**What the task asks:**
Write out exactly the lines from the one containing "Slide: The Image" through the last line of the records below, both included, and leave out any pictures.

Caption-style text data:
Segment Open

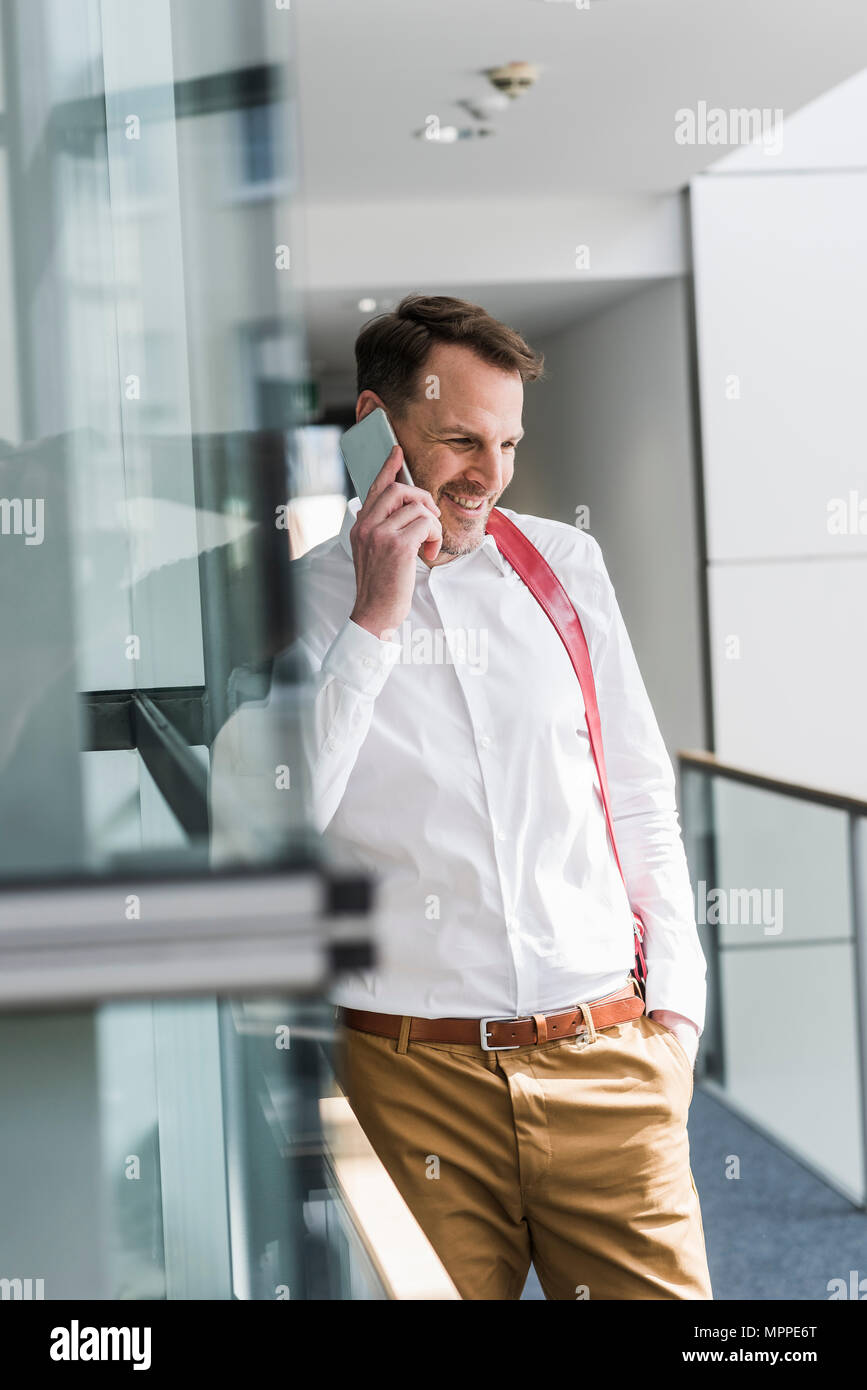 Smiling businessman talking on cell phone Stock Photo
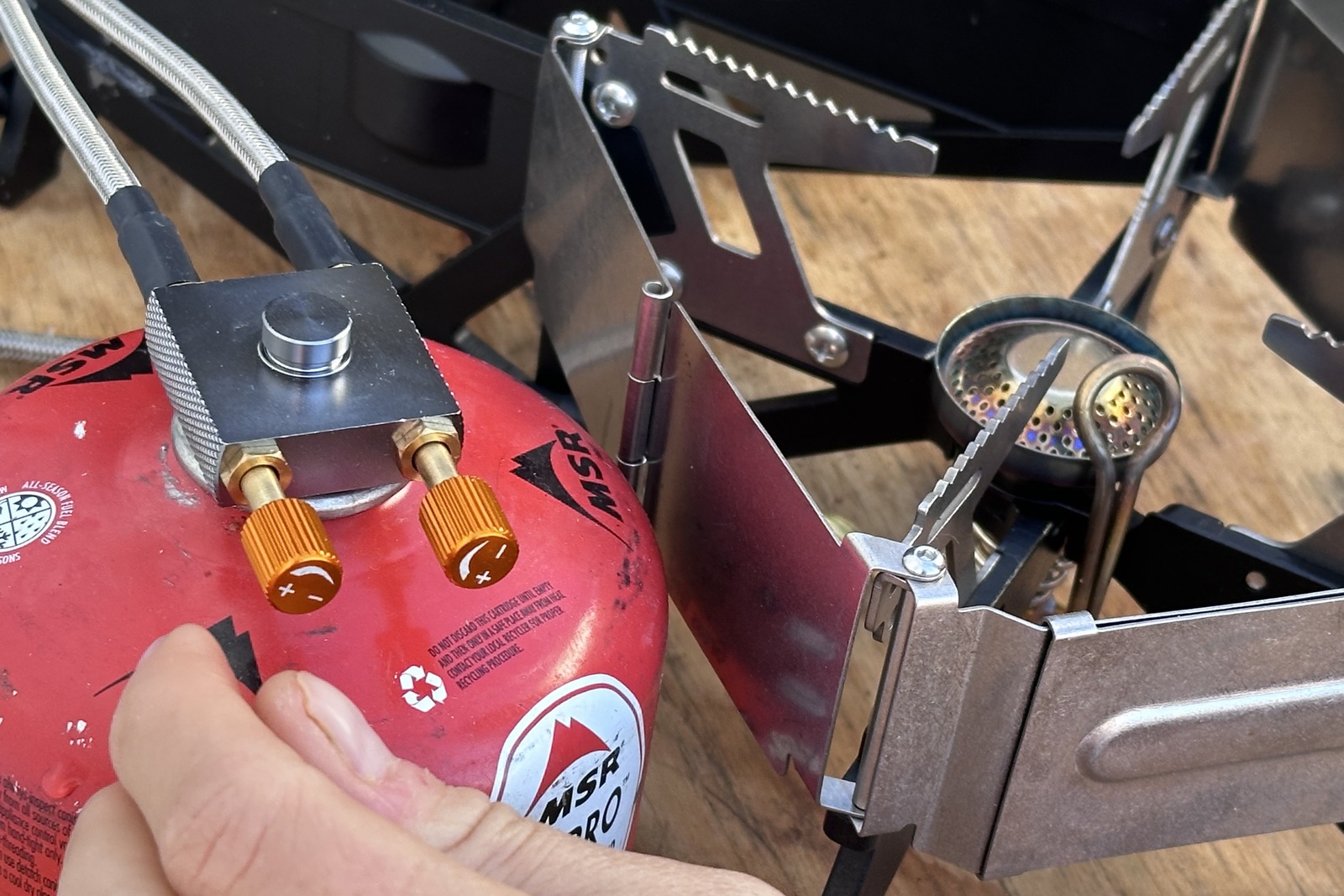 Close-up image of two orange flame-control dials on a fuel line attached to a red butane fuel bottle.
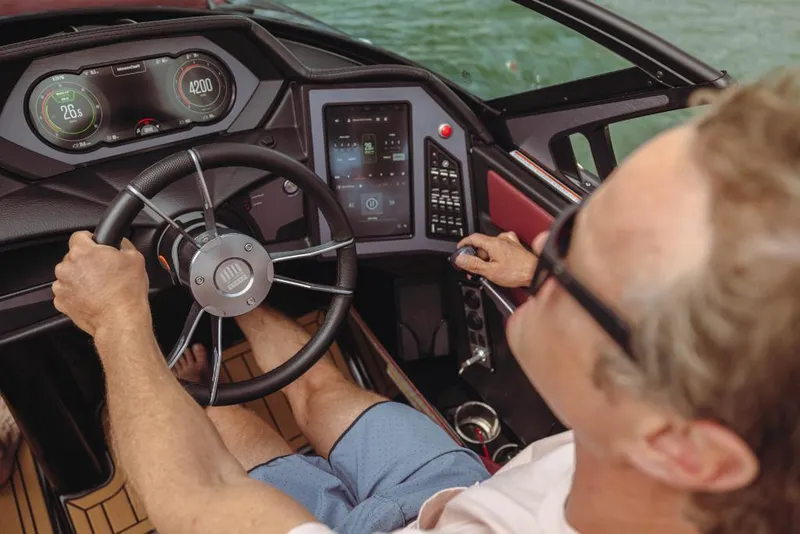 Slide: The Image of 2023 MasterCraft XStar S dashboard with advanced controls and touchscreen display. - 12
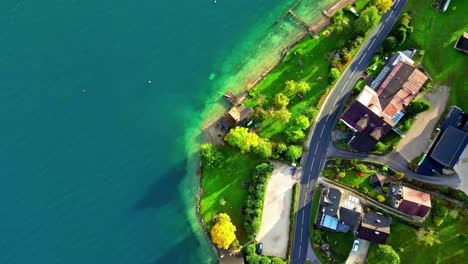 Vista-Aérea-Sobre-Edificios,-Una-Carretera-Y-Colores-De-Otoño-En-La-Costa-Del-Lago-Attersee,-Austria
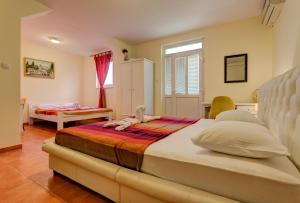 Katil atau katil-katil dalam bilik di Splendid Apartments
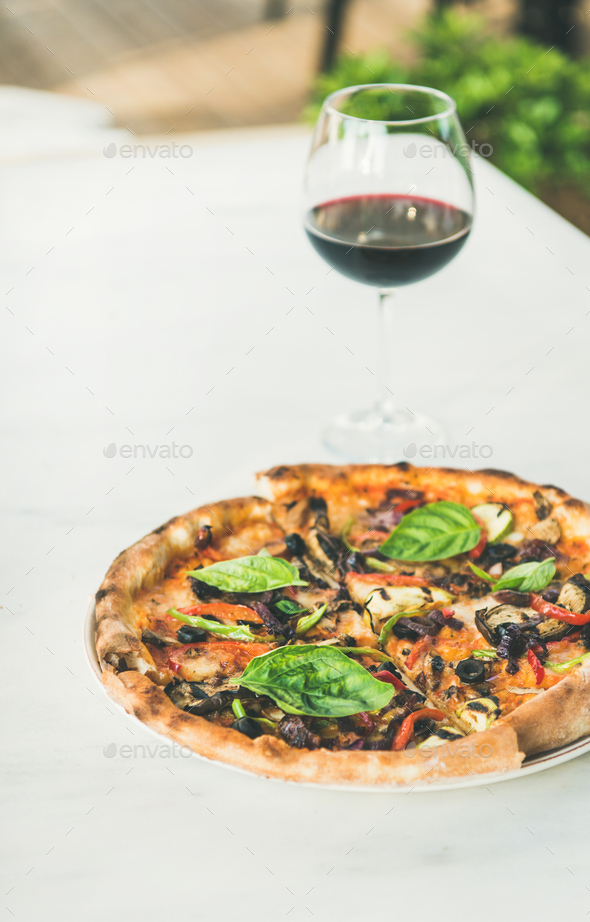 Freshly baked vegetarian pizza and glass of wine Stock Photo by sonyakamoz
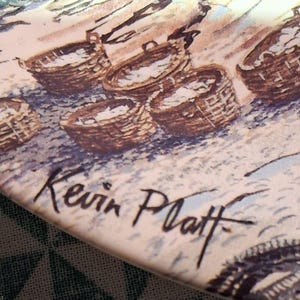 Peut inclure: Une assiette en céramique présentant une illustration détaillée de plusieurs paniers tressés remplis d'objets. L'œuvre est réalisée dans des tons de brun, de beige et de crème. La signature Kevin Platt est visible en encre noire en bas à gauche.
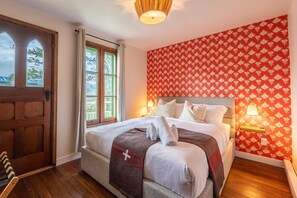 Bright and welcoming primary bedroom featuring a queen bed, vibrant wallpaper, and access to a private deck.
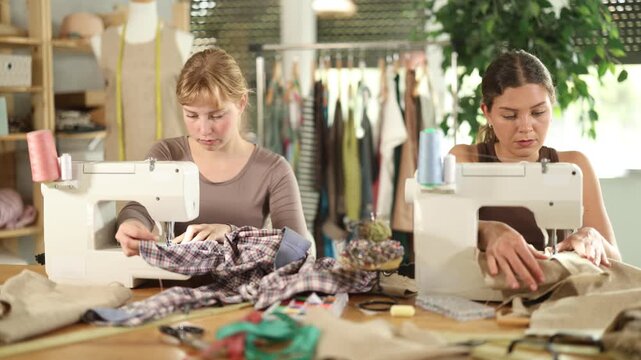 Two female tailors are sitting at a table in the workshop and sewing clothes on machines. Employees of the sewing industry make wear according to individual measurements. High quality 4k footage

Segment Closed

**Your solution:**
 Slide: The Image of 2023 MasterCraft XStar S dashboard with advanced controls and touchscreen display. - 12
 Vista-Aérea-Sobre-Edificios,-Una-Carretera-Y-Colores-De-Otoño-En-La-Costa-Del-Lago-Attersee,-Austria
 Katil atau katil-katil dalam bilik di Splendid Apartments
 Freshly baked vegetarian pizza and glass of wine Stock Photo by sonyakamoz
 Peut inclure: Une assiette en céramique présentant une illustration détaillée de plusieurs paniers tressés remplis d'objets. L'œuvre est réalisée dans des tons de brun, de beige et de crème. La signature Kevin Platt est visible en encre noire en bas à gauche.
 Bright and welcoming primary bedroom featuring a queen bed, vibrant wallpaper, and access to a private deck.
 Two female tailors are sitting at a table in the workshop and sewing clothes on machines. Employees of the sewing industry make wear according to individual measurements. High quality 4k footage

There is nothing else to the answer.